Type this directly into your Do-File and execute it block by block:

stata
* 1. Clear memory before starting
clear all

* 2. Load the built-in blood pressure dataset (sysuse grabs system datasets)
sysuse bplong

* 3. Describe the schema of the dataset
describe

The describe command tells you immediately how many observations exist and what variables are available. But it does not tell you if the data is messy. When loading real clinical data, your very first check should always be the codebook command.

stata
* Get a granular breakdown of every variable, including missing values
codebook

codebook is arguably the most powerful exploratory tool in Stata. It prints a detailed report for every variable, showing the distinct unique values, the number of missing observations, and any text labels attached to numeric categories (like 1 = "Male", 2 = "Female").

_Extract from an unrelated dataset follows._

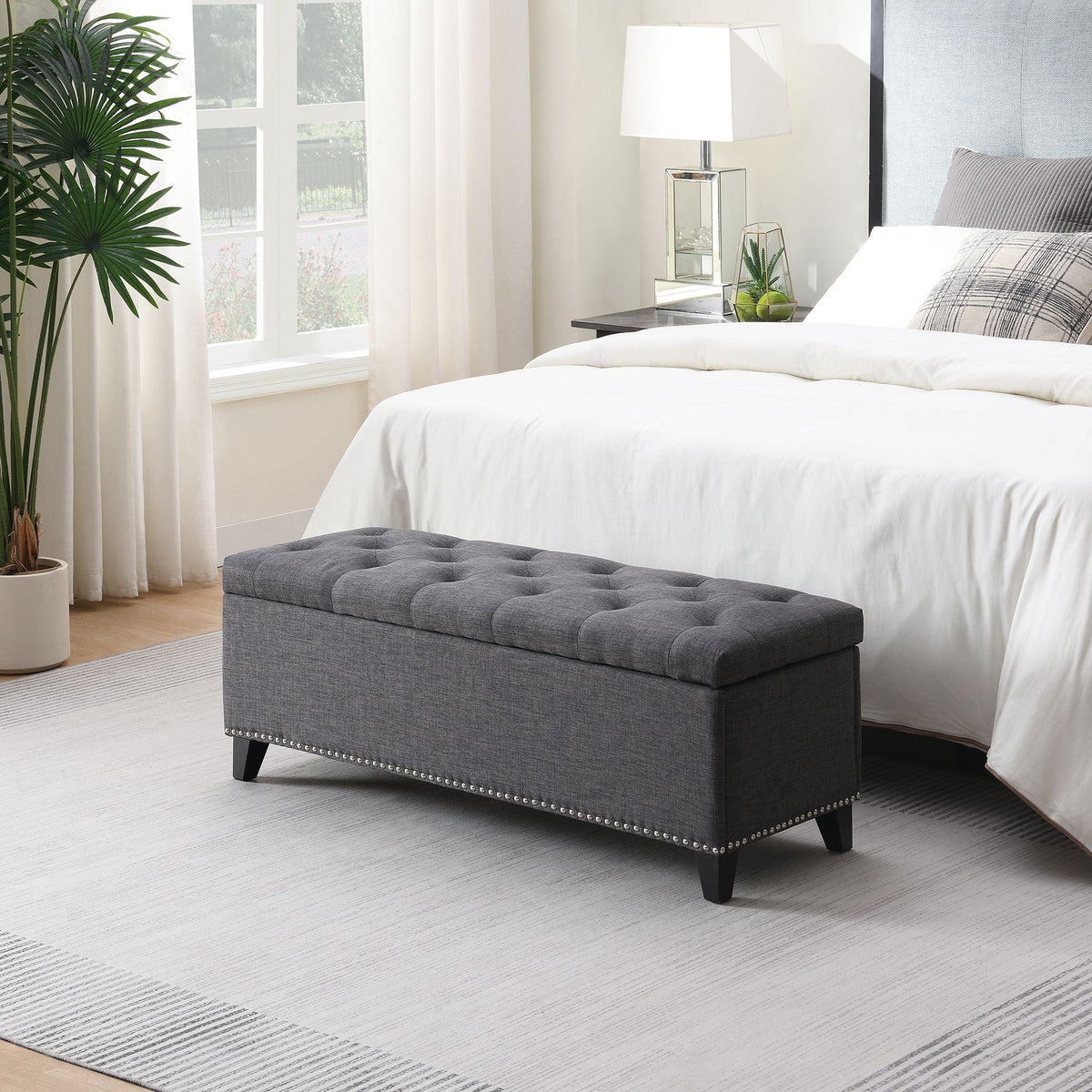 Button-Tufted Storage Ottoman with Safety Close Hinge in dark gray fabric on Tampa Home & Garden Store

Once you are satisfied your data is clean, you can generate summary statistics for continuous variables (like age or BMI) using the summarize command:

stata
* Generate full summary statistics for the continuous blood pressure variable
summarize bp, detail

Alternatively, if you are looking at categorical epidemiological risk factors (like smoking status or Townsend deprivation quintiles), you need to look at cross-tabulations. We achieve this with tabulate (or simply tab for short):

stata
* Generate a frequency table for patient sex
tabulate sex

* Generate a cross-tabulation of sex against age group, including row percentages
tabulate sex agegrp, row

Quick Tip: Syntax Logic

Stata commands follow a consistent structure: [command] [variables], [options]. The comma separates what you want Stata to do from the options that control how it does it, such as adding , detail or , row.


Further Resources

You do not need to memorise every command. Good documentation is part of the workflow. These are the most useful places to start:

  • Official Stata Cheat Sheets (PDF)

    Authored by Dr. Tim Essam and Dr. Laura Hughes, these are universally recognised as the best quick-reference guides for Stata. From data processing to statistical graphics, download these PDFs and pin them to your wall.

  • UCLA OARC Stata Web Books

    The quintessential online university repository for learning Stata. If you want to know exactly how to run an ANOVA or process a longitudinal string dataset, UCLA provides an exact guide to do it.